### [THE PROBLEM]
Set down all of the entries below word for word, with the pictures left out.

++++

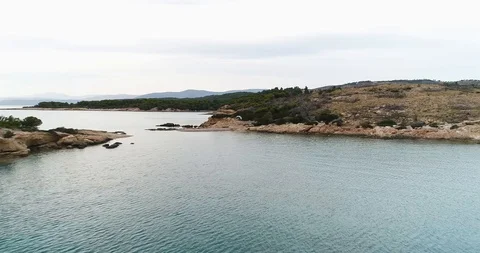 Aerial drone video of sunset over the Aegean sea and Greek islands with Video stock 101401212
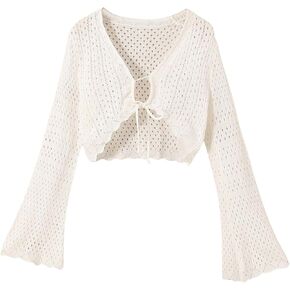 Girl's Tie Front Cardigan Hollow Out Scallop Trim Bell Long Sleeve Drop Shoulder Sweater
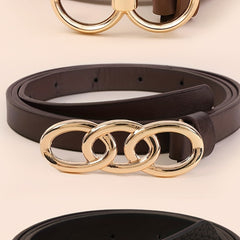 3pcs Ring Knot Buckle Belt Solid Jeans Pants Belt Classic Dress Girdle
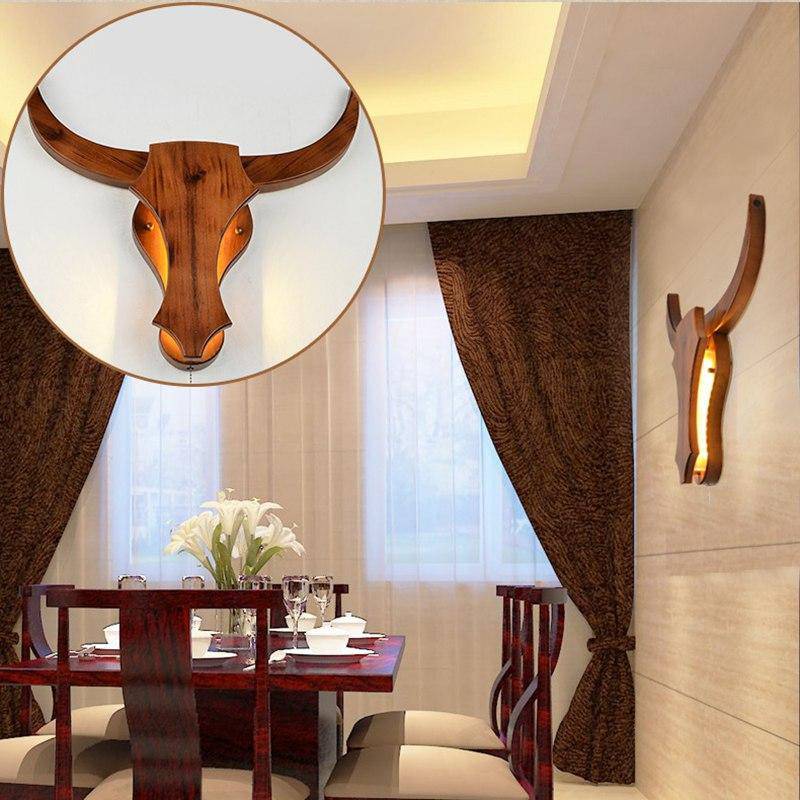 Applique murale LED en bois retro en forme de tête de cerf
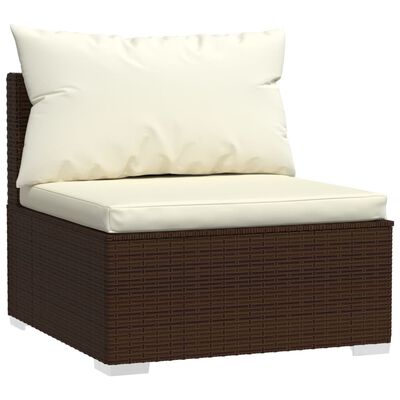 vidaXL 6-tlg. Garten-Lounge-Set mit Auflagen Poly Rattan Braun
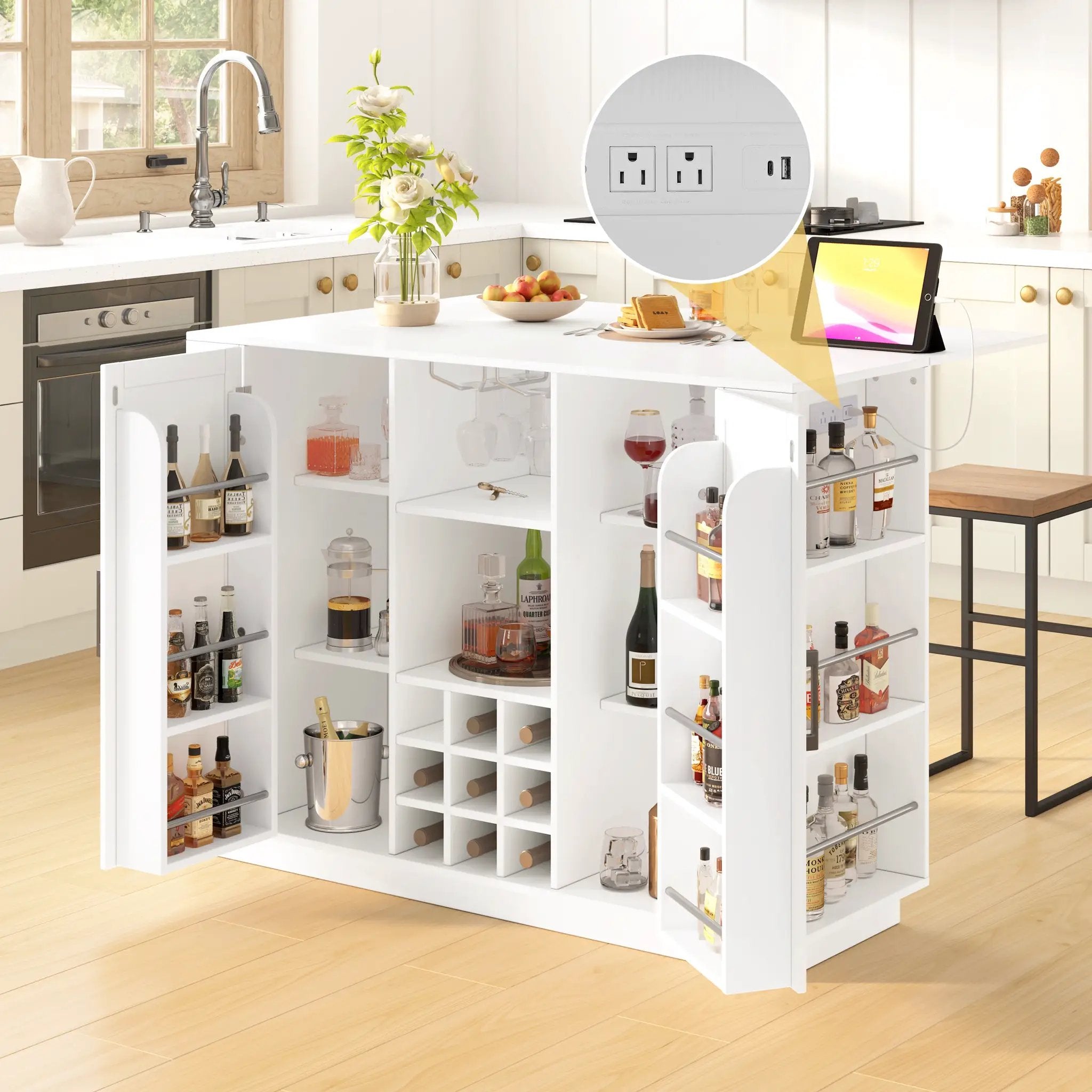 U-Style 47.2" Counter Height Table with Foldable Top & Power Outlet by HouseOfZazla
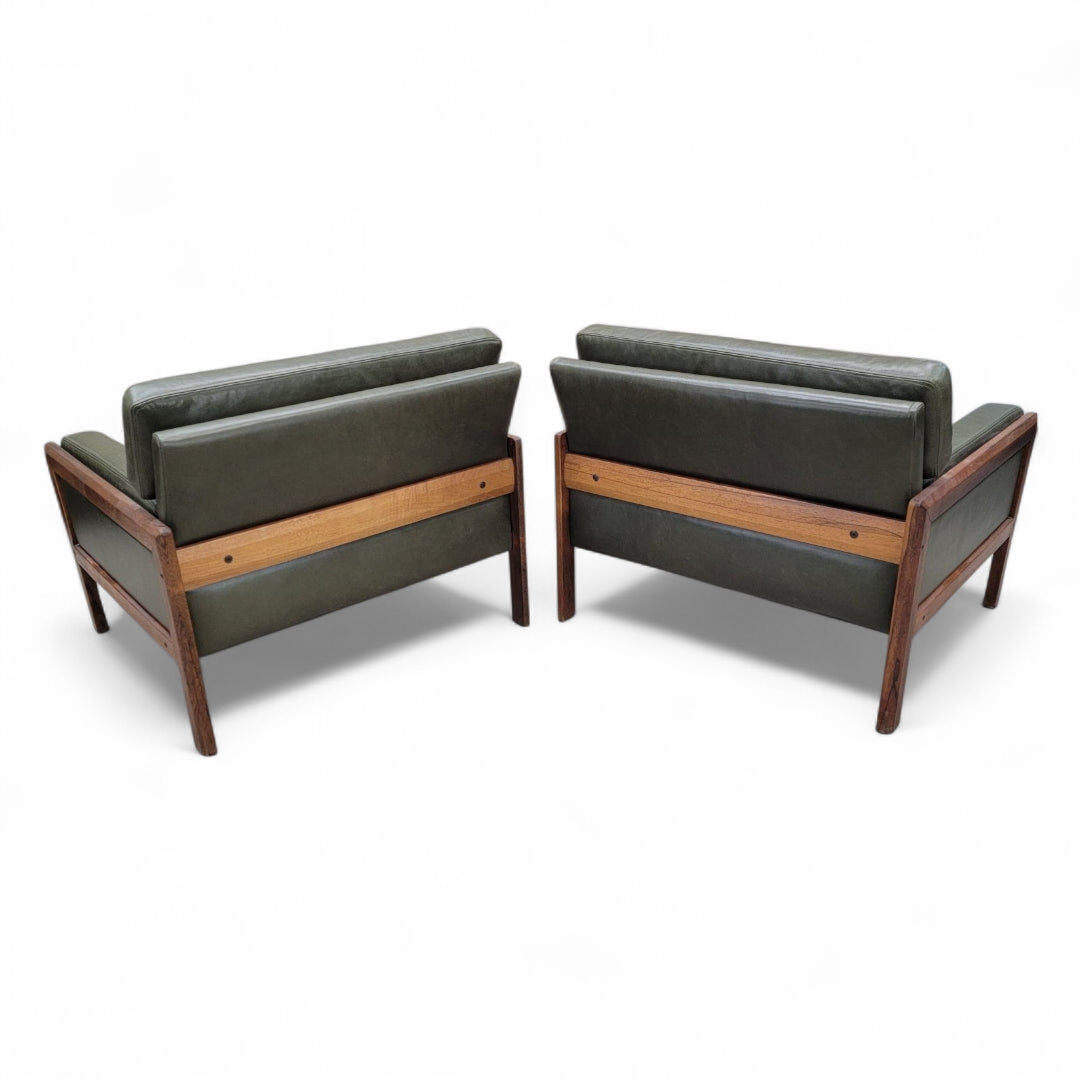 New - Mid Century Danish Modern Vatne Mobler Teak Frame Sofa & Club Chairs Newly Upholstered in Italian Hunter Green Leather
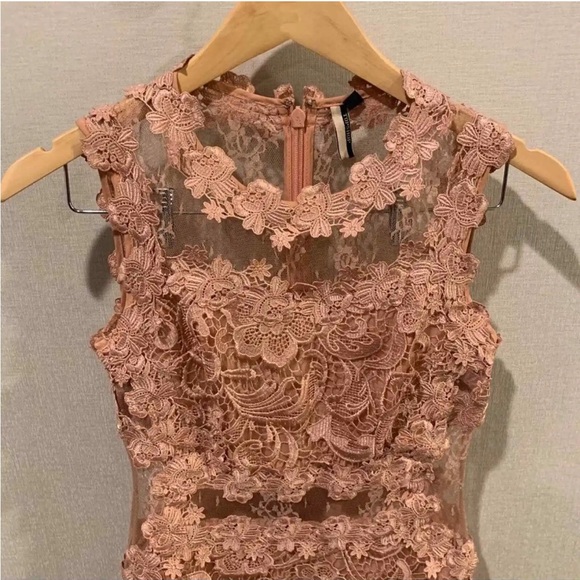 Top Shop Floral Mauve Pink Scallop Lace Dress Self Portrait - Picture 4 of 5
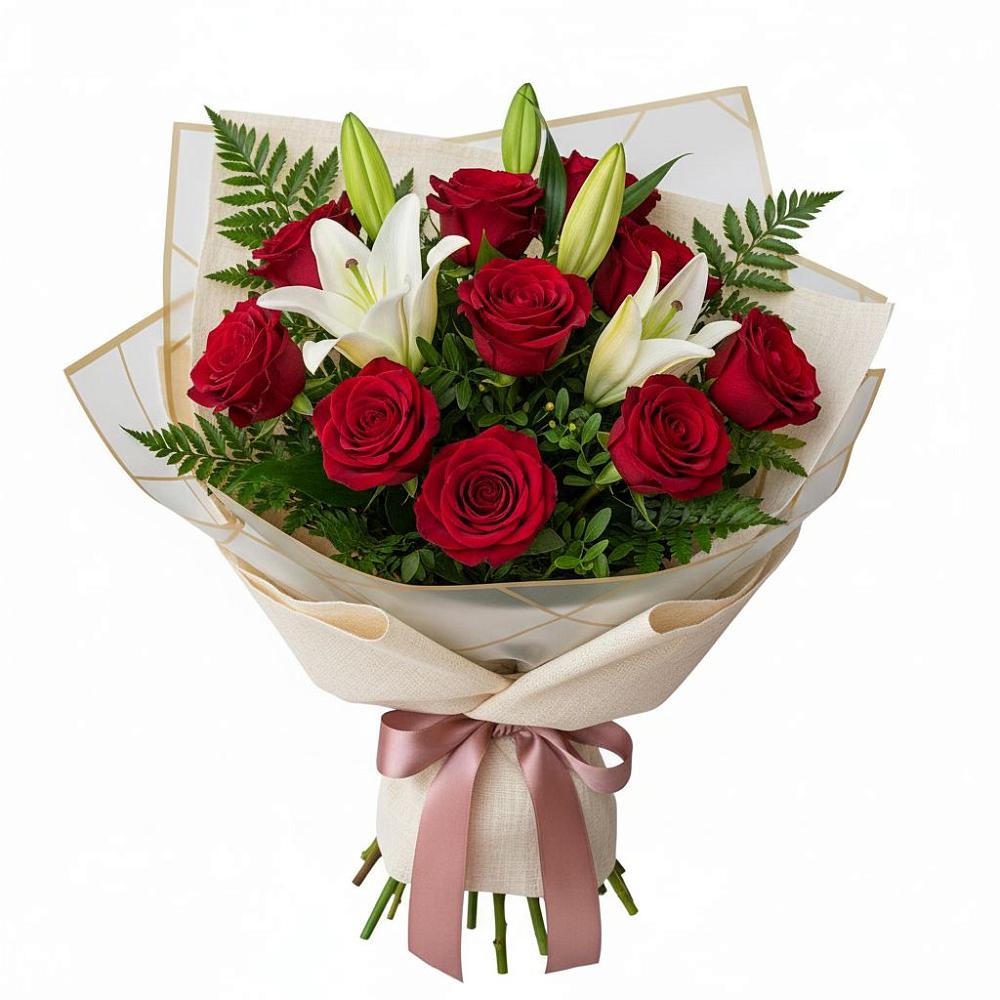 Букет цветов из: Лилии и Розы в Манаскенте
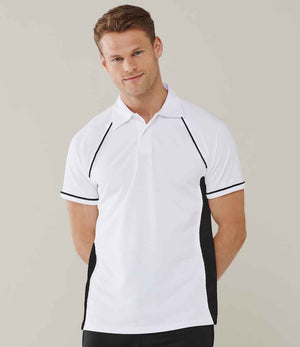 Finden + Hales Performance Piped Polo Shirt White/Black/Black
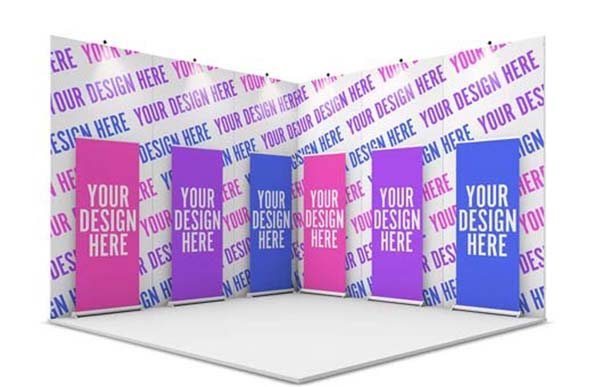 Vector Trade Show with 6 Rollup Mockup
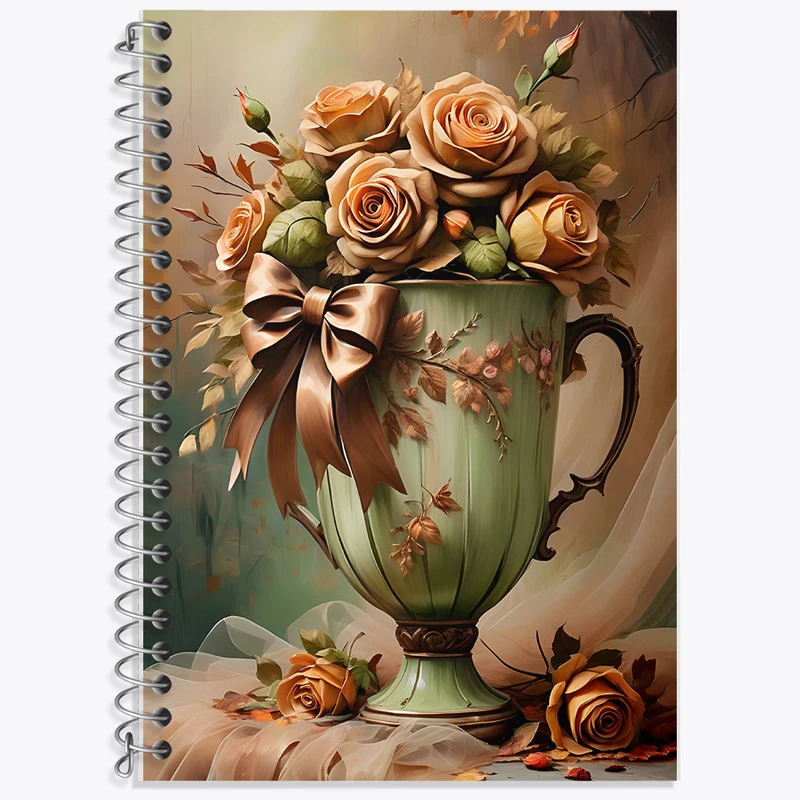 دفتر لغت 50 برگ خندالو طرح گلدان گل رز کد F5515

++++

### [RESPONSE]
 Aerial drone video of sunset over the Aegean sea and Greek islands with Video stock 101401212
 Girl's Tie Front Cardigan Hollow Out Scallop Trim Bell Long Sleeve Drop Shoulder Sweater
 3pcs Ring Knot Buckle Belt Solid Jeans Pants Belt Classic Dress Girdle
 Applique murale LED en bois retro en forme de tête de cerf
 vidaXL 6-tlg. Garten-Lounge-Set mit Auflagen Poly Rattan Braun
 U-Style 47.2" Counter Height Table with Foldable Top & Power Outlet by HouseOfZazla
 New - Mid Century Danish Modern Vatne Mobler Teak Frame Sofa & Club Chairs Newly Upholstered in Italian Hunter Green Leather
 Top Shop Floral Mauve Pink Scallop Lace Dress Self Portrait - Picture 4 of 5
 Букет цветов из: Лилии и Розы в Манаскенте
 Finden + Hales Performance Piped Polo Shirt White/Black/Black
 Vector Trade Show with 6 Rollup Mockup
 دفتر لغت 50 برگ خندالو طرح گلدان گل رز کد F5515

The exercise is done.